Key Areas of Research

“From developing longitudinal research tools to using data to build an evidence base for reform, the Melbourne Institute is renowned for the rigour and quality of our applied economic and social research.”


The Melbourne Institute undertakes research across four key areas – socio-economic disadvantage, public sector performance, productivity and living standards, and fostering health and wellbeing. In each of these areas, we remain focused upon building the evidence base for reform and contributing to public policy.

To support our research, we are involved in the collection and analysis of survey data, and the measurement of economic and social indicators. This work gives us and other organisations the tools and data we need to help shape policy.


Socio-economic Disadvantage

    Social and economic disadvantage weakens the fabric of society. It increases inequality, threatens social justice and creates barriers to education, employment and housing. It is our goal to help counter such disadvantage.

    Through our research, we seek to understand the extent of such disadvantage in Australia, investigate its impact on life outcomes, and develop policies to reduce it.

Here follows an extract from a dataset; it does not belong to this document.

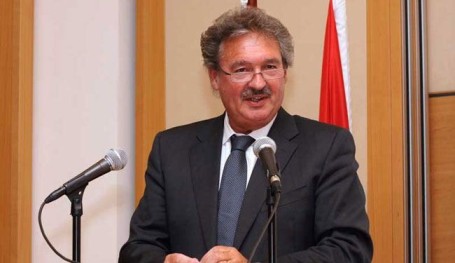 وزير خارجية لوكسمبورغ يطالب كيان الاحتلال رفع الحصار عن غزة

    Socio-economic reform is something we have long been passionate about. The Melbourne Institute produced the first Henderson Poverty Line estimates in 1973, and quarterly updates continue today. We also publish an annual Social Exclusion Monitor in partnership with the Brotherhood of St Laurence, which acts as a measure of social exclusion and identifies the many barriers that limit an individual’s ability to participate in society.

    Beyond these studies, we pursue a broad range of research projects in collaboration with state and federal government departments and corporate partners.

Public Sector Performance

    The public sector absorbs 25% of Australia’s GDP – yet enjoys little microeconomic reform, in part due to the challenges around measuring productivity and outcomes. Improving the equity and efficiency of the public sector is critical to ensuring that we deliver on major social agendas in education, health and social assistance.

    Across the Melbourne Institute, researchers work to measure public sector productivity and to better understand the role of incentives, competition and the private sector in boosting public sector outcomes. Our work plays a key role in improving the evidence base for public sector policy design, and helps to shape the important spending decisions across the health, education and welfare sectors.

Productivity and Living Standards

    Economic growth and improved productivity are central to future improvements in Australian living standards, as they enable more resources to be directed to consumption and investments in infrastructure such as roads, schools and hospitals.

    The Melbourne Institute undertakes research to deliver evidence-based information that will help the public, business and household sectors make better decisions about growth and employment opportunities.

    We study the drivers of economic growth and business cycles, and how stabilisation policies improve economic welfare. We seek a better understanding of the determinants of economic activity, the causes of unemployment and the drivers of the inflationary process, to build upon our knowledge of the macroeconomy, particularly Australia’s sensitivity to global factors.

    We also study how Australian industries can boost their competitiveness as the economy becomes more globally integrated, and how firms can perform better within the global supply chain. These studies advance our understanding of the innovation process that is so critical to both productivity and growth.

Fostering Health and Wellbeing

    According to the World Health Organisation, “health is a state of complete physical, mental and social wellbeing and not merely the absence of disease or infirmity.” At the Melbourne Institute, we concur – acknowledging that issues around health and wellbeing span far beyond the realm of medicine and require a multidisciplinary research approach.

    As such, the Melbourne Institute has a number of research programs exploring ways to boost the health and wellbeing of Australians – particularly Health Economics, Labour Economics and Social Policy, and the HILDA Survey

    We seek to contribute to a better understanding of the factors that drive good outcomes in health and wellbeing, with a focus on social science and economics. Understanding that the best outcomes will be achieved by taking a multidisciplinary approach, we are building strong relationships with other researchers at the University of Melbourne and elsewhere.